Year: 2013
Medium: rope, plaster, "The Peace Flame", soot, etc. on panel
Dimensions: set of 4 panels, 176 × 360 cm (69 1/4 x 141 3/4 in.) overall
Acquired from New Auction, 2022
広島に投下された原爆で叔父を亡くした山本達雄氏によって、現場の残り火が形見がわりにカイロに入れて持ち帰られたものが山本氏の郷里の福岡県八女市星野村に引き継がれて今も燃え続けている。星野村の「平和の火」と呼ばれるものだ。本作はその「平和の火」から分火した炎を用いて400点余りの動植物の絵画を焼く「平和の日」プロジェクトで作られた作品のうちの一点となる。本作は四曲一隻の屏風の形式をとっており、第二扇(右から二枚目)に悠然と佇む雄鹿が描かれている。焼き上げた際の煤や焦げによってまるで朦朧体のような様相を呈している。

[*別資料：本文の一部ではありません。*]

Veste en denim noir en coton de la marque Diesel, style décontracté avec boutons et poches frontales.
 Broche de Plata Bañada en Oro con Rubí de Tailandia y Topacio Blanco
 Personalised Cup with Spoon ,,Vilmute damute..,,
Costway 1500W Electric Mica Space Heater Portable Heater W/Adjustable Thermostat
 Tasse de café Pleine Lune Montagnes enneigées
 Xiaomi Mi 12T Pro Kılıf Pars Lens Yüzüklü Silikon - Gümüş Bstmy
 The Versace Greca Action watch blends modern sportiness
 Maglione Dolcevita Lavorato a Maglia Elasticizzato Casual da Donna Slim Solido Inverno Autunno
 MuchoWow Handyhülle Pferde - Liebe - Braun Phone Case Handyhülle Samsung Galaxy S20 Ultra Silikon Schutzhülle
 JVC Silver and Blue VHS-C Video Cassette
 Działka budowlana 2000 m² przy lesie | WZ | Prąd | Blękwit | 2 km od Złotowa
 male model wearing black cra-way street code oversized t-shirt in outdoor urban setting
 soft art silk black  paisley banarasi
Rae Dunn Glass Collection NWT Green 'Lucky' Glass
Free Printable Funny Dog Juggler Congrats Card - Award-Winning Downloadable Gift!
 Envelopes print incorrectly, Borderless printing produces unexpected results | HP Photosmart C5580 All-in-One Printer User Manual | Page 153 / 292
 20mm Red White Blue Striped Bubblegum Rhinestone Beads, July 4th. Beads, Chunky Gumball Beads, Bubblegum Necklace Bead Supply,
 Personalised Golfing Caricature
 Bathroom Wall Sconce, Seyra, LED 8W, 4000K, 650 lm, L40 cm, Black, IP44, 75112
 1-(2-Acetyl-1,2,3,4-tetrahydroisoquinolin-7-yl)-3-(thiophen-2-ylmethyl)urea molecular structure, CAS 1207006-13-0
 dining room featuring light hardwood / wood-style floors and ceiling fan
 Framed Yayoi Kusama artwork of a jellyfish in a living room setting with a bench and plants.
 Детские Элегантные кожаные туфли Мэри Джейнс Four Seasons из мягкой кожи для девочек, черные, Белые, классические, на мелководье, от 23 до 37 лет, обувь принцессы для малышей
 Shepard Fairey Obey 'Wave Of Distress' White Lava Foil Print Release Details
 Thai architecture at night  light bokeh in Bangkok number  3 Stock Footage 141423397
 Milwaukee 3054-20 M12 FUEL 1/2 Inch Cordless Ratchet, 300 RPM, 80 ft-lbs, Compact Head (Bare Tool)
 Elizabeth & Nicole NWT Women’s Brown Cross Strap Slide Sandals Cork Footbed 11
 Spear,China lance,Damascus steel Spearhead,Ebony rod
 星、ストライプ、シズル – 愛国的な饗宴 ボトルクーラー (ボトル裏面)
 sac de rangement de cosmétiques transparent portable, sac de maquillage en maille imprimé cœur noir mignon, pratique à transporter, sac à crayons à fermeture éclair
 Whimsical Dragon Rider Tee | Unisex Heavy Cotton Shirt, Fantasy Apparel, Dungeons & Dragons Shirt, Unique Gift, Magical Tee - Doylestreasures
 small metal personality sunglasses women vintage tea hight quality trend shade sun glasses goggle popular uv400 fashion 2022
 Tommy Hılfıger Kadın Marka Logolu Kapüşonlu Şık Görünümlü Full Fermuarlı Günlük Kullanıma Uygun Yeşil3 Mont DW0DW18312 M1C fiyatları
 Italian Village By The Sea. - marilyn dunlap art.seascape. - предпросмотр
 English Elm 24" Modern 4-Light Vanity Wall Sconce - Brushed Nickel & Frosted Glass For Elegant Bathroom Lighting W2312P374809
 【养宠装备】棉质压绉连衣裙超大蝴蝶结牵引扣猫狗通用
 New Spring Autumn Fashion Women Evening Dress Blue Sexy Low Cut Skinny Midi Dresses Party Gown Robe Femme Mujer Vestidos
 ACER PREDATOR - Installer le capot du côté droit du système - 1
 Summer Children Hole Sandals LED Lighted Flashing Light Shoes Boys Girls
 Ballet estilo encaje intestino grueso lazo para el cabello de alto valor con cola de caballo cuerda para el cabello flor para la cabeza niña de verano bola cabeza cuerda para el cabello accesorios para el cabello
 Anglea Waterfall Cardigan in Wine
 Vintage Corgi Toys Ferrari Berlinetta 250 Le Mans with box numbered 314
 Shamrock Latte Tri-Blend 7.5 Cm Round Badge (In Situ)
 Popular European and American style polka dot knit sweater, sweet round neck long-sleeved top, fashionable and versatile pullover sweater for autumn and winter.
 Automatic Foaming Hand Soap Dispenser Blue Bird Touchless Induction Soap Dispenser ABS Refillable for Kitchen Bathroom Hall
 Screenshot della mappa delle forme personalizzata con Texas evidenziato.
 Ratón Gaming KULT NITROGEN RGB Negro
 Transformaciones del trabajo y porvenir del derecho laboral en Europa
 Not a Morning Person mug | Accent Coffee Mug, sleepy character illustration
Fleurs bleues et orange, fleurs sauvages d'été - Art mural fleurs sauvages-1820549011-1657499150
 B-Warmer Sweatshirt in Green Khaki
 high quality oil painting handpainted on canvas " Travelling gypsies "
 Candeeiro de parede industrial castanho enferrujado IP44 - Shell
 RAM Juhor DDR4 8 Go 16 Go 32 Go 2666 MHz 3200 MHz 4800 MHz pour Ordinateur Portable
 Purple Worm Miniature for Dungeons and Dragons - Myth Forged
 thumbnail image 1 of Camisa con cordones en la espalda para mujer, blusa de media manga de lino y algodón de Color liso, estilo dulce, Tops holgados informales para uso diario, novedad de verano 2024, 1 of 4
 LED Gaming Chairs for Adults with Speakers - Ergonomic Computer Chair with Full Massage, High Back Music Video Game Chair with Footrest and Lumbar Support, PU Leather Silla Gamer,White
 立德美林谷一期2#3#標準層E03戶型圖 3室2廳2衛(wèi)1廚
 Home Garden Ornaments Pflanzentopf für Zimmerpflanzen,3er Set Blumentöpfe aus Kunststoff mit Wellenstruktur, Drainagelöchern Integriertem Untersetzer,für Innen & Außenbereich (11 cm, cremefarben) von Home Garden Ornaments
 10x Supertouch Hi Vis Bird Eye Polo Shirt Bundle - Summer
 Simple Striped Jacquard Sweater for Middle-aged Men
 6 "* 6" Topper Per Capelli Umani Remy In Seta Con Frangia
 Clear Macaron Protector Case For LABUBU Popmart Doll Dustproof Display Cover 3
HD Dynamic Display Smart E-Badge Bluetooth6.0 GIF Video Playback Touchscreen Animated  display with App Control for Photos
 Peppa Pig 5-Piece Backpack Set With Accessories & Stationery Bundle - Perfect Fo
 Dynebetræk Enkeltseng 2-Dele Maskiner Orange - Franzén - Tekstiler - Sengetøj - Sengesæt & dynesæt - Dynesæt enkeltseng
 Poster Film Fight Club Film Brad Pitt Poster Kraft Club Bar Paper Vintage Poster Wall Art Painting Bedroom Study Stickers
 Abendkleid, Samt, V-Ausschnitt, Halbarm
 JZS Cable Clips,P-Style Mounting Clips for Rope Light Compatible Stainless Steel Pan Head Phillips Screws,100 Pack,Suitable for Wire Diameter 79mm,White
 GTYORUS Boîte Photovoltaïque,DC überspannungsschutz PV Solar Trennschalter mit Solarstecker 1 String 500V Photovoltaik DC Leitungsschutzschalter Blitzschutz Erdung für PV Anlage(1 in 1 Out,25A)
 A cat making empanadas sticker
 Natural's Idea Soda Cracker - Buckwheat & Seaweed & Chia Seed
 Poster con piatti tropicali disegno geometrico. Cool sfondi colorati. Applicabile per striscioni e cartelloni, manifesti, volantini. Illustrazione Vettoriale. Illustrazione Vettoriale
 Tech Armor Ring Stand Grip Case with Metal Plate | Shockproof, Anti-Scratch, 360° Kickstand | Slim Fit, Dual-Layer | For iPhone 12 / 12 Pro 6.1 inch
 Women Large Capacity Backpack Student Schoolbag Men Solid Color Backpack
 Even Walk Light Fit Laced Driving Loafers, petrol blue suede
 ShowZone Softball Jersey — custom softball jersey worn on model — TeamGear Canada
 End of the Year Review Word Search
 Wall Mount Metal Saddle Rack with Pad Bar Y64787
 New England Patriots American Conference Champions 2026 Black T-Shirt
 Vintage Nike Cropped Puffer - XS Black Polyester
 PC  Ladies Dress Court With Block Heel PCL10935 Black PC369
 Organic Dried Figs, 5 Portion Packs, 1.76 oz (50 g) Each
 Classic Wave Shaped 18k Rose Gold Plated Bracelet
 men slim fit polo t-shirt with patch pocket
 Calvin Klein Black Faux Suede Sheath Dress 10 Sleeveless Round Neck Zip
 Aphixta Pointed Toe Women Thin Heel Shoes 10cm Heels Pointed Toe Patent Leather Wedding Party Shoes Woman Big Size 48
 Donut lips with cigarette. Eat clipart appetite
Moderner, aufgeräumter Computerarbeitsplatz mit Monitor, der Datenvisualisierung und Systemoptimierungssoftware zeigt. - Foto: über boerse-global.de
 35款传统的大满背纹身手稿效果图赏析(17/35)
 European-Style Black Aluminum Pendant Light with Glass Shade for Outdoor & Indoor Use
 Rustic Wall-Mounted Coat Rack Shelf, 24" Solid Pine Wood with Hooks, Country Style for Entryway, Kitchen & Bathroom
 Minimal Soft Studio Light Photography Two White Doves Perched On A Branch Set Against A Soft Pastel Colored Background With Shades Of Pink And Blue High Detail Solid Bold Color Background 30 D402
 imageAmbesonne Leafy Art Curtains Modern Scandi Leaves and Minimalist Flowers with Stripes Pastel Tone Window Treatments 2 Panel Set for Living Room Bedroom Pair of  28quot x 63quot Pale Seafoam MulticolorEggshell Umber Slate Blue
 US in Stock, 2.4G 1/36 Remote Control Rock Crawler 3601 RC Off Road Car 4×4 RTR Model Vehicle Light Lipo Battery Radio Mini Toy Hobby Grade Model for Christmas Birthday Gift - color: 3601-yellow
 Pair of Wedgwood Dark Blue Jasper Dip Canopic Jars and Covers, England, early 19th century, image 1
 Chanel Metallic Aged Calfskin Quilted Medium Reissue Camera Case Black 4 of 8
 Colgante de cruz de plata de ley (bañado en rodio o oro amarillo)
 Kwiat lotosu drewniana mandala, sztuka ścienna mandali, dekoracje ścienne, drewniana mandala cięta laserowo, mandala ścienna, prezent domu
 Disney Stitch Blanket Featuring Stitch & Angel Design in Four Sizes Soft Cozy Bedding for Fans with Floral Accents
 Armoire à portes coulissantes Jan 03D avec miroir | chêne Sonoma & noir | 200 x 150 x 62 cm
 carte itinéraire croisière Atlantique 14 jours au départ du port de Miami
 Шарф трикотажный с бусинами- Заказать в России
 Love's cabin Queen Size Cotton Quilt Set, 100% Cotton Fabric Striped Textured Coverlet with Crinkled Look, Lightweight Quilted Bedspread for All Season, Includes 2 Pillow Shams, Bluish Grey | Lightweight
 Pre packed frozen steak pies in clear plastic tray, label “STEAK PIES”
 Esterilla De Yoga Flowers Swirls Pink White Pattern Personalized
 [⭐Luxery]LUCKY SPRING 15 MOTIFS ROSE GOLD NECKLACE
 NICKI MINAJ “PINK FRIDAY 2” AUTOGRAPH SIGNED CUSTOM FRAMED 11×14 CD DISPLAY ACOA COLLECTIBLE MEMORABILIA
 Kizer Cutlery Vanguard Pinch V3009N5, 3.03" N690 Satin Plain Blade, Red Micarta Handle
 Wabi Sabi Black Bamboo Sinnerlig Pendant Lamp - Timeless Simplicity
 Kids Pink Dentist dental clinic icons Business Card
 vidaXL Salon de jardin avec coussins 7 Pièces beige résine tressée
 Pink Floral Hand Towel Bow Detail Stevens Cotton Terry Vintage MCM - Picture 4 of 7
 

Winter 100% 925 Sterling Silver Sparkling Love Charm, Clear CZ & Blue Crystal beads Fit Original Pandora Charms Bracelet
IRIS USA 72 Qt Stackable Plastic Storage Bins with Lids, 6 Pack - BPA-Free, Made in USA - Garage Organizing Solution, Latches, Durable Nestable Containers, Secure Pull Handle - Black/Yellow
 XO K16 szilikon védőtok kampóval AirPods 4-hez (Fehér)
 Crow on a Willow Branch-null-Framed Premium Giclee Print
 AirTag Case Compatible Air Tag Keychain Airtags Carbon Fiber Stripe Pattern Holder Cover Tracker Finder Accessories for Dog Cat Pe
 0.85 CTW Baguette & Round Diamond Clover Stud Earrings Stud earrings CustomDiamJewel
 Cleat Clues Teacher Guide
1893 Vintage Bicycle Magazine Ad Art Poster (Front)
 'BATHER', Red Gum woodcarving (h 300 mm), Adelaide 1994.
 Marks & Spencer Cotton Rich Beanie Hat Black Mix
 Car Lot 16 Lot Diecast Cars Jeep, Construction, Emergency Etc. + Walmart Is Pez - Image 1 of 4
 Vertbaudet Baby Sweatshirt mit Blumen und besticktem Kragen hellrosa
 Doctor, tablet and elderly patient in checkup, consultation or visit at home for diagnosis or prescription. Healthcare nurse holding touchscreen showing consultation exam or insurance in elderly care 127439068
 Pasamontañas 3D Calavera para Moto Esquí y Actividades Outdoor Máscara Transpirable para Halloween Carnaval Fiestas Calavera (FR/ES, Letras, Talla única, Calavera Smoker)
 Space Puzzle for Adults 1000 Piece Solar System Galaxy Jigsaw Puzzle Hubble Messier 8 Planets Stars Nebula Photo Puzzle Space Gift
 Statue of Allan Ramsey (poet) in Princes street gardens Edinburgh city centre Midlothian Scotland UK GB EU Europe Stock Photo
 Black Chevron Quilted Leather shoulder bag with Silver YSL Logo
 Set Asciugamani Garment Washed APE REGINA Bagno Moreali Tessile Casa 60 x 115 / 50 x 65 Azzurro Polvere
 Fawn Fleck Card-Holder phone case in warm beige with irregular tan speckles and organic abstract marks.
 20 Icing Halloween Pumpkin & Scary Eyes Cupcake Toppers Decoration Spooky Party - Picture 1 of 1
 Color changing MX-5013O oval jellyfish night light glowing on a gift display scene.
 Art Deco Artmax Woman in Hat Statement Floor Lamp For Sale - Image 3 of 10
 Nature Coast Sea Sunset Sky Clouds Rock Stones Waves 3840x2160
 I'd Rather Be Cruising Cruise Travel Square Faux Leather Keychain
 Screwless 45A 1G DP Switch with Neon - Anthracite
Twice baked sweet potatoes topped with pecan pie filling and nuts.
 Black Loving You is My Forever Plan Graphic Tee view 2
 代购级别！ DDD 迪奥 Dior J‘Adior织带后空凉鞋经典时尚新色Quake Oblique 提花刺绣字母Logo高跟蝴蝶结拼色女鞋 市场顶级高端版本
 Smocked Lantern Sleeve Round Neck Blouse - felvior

2011年には最も象徴的な反戦絵画である丸木夫妻による「原爆の図」を展示保管する丸木美術館(埼玉県)での個展「Level 7 feat. 広島!!!!!」を開催し、2013年にはその続編として位置付けられる旧日本銀行広島支店を会場として開催された個展「広島!!!!!」が開催され、本作もそこで展示された。彼らと広島との関係は、2008年に原爆の爆心地に最も近いモニュメントとして保存されている原爆ドーム(旧広島県物産陳列館)の上空に飛行機雲によって「ピカッ」という3文字を描いたことで当時大きな議論を巻き起こしたことが発端となっている。以降、被爆者団体とも積極的に交流を続けながらこの問題に関する展覧会を断続的に開催し、原爆・広島・社会・美術表現についての論考をまとめ上げていくなどした。その過程においてこの「平和の日」シリーズが作られたという経緯については知っておくべきである。丸木夫妻の生々しい屏風絵の数々を間近に見たはずである。これは Chim↑Pom from Smappa!Groupが描く「原爆の図」なのだとも言えるだろう。